In step 304, a schedule is provided. The schedule can be divided into different time slots according to weekdays and holidays, as shown in FIG. 4. On weekdays, the time slots include a midnight time from midnight to 7:00 AM, working hours from 7:00 AM to 6:00 PM, and night time from 6:00 PM to midnight. On holidays, the time slots include a midnight time from midnight to 9:00 AM and a non-midnight time from 9:00 AM to midnight.

In step 306, each time slot of the schedule is assigned one rule from the rules for the Internet protocol sharing communication mechanism. Since the e-mail applications and the HTTP applications are more frequently used during the working hours on weekdays, this embodiment applies Rule 2 to assign most of the network resources and bandwidth to these two kinds of applications. On the other hand, since the entertainment applications are more frequently used during the night time on weekdays, this embodiment applies Rule 3 to assign most of the network resources and bandwidth to this kind of entertainment applications. In addition, since most users are at rest during midnight time on weekdays, this embodiment applies Rule 1 to P2P transmission applications which occupy most of the network bandwidth.

On holidays, most people will get up late. Therefore, the time slots on holidays include a midnight time from midnight to 9:00 AM and a non-midnight time from 9:00 AM to midnight. Similarly, during the midnight time, Rule 1 can be applied to assign most of the network resources and bandwidth to P2P transmission applications which occupy most of the network bandwidth. During the non-midnight time, Rule 3 can be applied to assign most of the network resources and bandwidth to entertainment applications.

In step 308, a network communication is conducted according to the assigned rules. Accordingly, by applying the method for managing an Internet protocol sharing communication mechanism, the network resources and bandwidth can be shared more reasonably based on users' habits in different time slots.

FIG. 5 shows a flowchart of the method for managing an Internet protocol sharing communication mechanism according to another embodiment of the present invention. In step 502, statistics of network traffic are gathered for each of a plurality of clients, and step 504 is executed. In step 504, network usage priorities for the clients are assigned according to the gathered statistics, and step 506 is executed, wherein the clients generating less network traffic are assigned higher network usage priorities.
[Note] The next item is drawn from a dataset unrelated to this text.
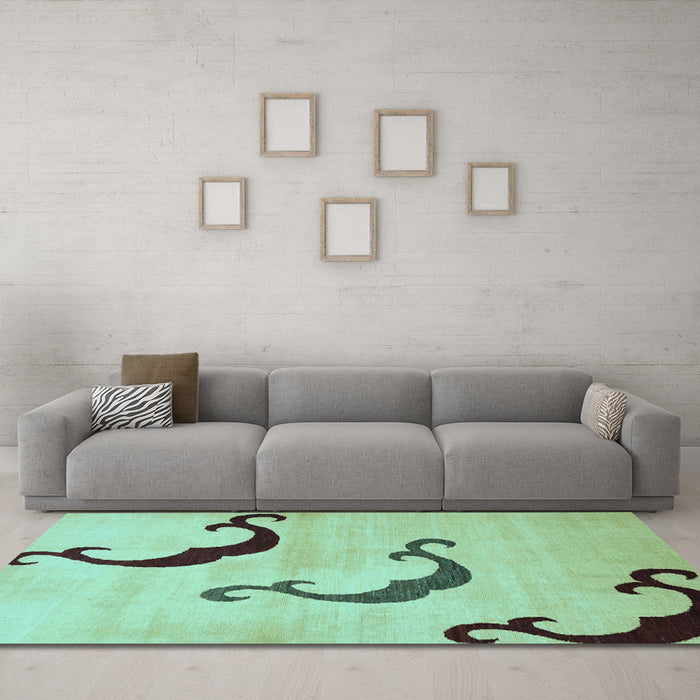 Machine Washable Abstract Light Blue Modern Rug in a Living Room, wshabs325lblu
In step 506, network communications for each of the plurality of clients are conducted according to the assigned network usage priorities.

The following exemplifies managing network connection resources based on the management method shown in FIG. 5. In step 502, statistics of network traffic are gathered for each of a plurality of clients. In this embodiment, statistics of network traffic for each of the plurality of clients in one day are gathered. In step 504, network usage priorities for the clients are assigned according to the gathered statistics. In this embodiment, the amount of network traffic is classified in three levels based on two thresholds. If the network traffic of a client is lower than a first traffic level, this client is assigned a high network usage priority. If the network traffic of a client is higher than the first traffic level and lower than a second traffic level, this client is assigned a medium network usage priority. If the network traffic of a client is higher than the second traffic level, this client is assigned a low network usage priority.

FIG. 6 shows the relation between network traffic and priorities according to this embodiment. As shown in FIG. 6, the first threshold is 100 MB and the second threshold is 300 MB.

In step 506, network communications for each of the plurality of clients are conducted according to the assigned network usage priorities. In this embodiment, the client assigned with the high network usage priority is assigned 500 sessions, and its packets to be delivered are processed in top priority. The client assigned with the medium network usage priority is assigned 300 sessions, and its packets to be delivered are processed if the client assigned with the high network usage priority does not transmit packets at the same time. The client assigned with the low network usage priority is assigned 100 sessions, and its packets to be delivered are processed if the clients assigned with the high and medium network usage priorities do not transmit packets at the same time. Accordingly, if a client is assigned fewer network resources and bandwidth on one day, it will be assigned more network resources and bandwidth the next day. Likewise, if a client is assigned more network resources and bandwidth on one day, it will be assigned fewer network resources and bandwidth the next day. In the long run, regardless of favorite application, each client will be assigned the same network resources and bandwidth, and a reasonable and fair Internet protocol sharing communication mechanism management is achieved.

The above-described embodiments of the present invention are intended to be illustrative only. Those skilled in the art may devise numerous alternative embodiments without departing from the scope of the following claims.

Claims

1. A method for managing an Internet protocol sharing communication mechanism, comprising the steps of:

setting up a plurality of rules for an Internet protocol sharing communication mechanism;

providing a schedule divided into different time slots;

assigning at least one of the rules for the Internet protocol sharing communication mechanism to each time slot of the schedule; and

conducting a network communication according to the assigned rules.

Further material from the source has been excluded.